BU SAYFADA KÖYÜMÜZDE SÖYLENEN DEYİMLER, SÖZCÜKLER VB. YAYINLANACAKTIR.
(katkılarınızı - anlamlarıyla birlikte - beklerim).
DEYİMLER:
El deliye biz akıllıya muhtacız: Başkaları çok akıllı, bizim ailemizde akıllı yok. Kasım misafiri: Çok kalan, kalkıp gitmeyen misafir. Deli değirmen döndürür, akıllı un öğütür: İş bilmeyen bir işle uğraşırken, iş bilen onun sırtından kendi işini halleder. Aç durur, kuyruğu dik tutar: Fakir olduğu halde zengin gibi görünür. Köpeğin yemezini söylemek: Karsısındaki kişiye çok kötü sözler söylemek. Bıldır ölen kır at sağ mı?: Bir şeyin bittiğini bile bile var mı diye sormak. Gücünü üzmek: Sıkmak, bunaltmak, aykırı davranmak. Burnunun doğrusuna gitmek: Kimsenin öğüdünü dinlemeden kendi bildiğini yapmak. Yorgunu yokuşa sürmek: Bir işi yapmak istemeyen bir kişiye yaptırmaya çalışmak. Ayıyı görmediğinden başını kabak sanmak: Önemli veya tehlikeli bir durumla ilk defa karşılaştığında bu durumla önceden hiç karşılaşmadığı için yeterli bilgisi olmamak, bu durumu hafife almak.
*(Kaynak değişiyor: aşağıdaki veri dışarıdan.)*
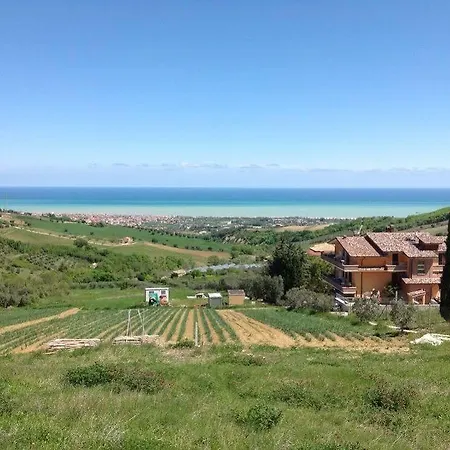 Susanna Degli Ulivi - & 3* Colonnella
SÖZCÜKLER: Hesbeten: Kasten Cık kadar: Çok az Bıldır: Geçen sene Elet: Götür Irgatlık: Hasat zamanı Hire: Ufak, küçük Dek dur: Yaramazlık yapma, rahat dur. Kaynamak: Yaramazlık yapmak. Dam: Ahır Eysiran: Hamur kesmek için kullanılan üçgen biçiminde, saplı metal spatul. Bisleyeç: Sac üzerindeki ekmekleri çevirmek için kullanılan yassı, uzun ağaçtan yapılmış gereç. Oklayaç: Oklava Ecük: Az Samut: Sağır, dilsiz Gılcır: Fıtık Çot: Beceriksiz, elinden bir iş gelmeyen. İbi: Hindi Çalmaç: İnekten süt sağarken sütün konulduğu ağaçtan yapılmış süt kabı. Gıcı: Çam kozalağı Huçu: Fıçı Üngendire: Ucunda mudul bulunan uzun hayvan sopası. Mudul: Sopa ucuna takılan ucu sivri küçük çivi. Cız tutmak: Hayvanların göveyen tarafından ısırıldığında kuyruklarını kaldırıp kaçmaları. Göveyen: Hayvanları ısrıp rahatsız eden sinekten büyük, kanatlı bir canlı.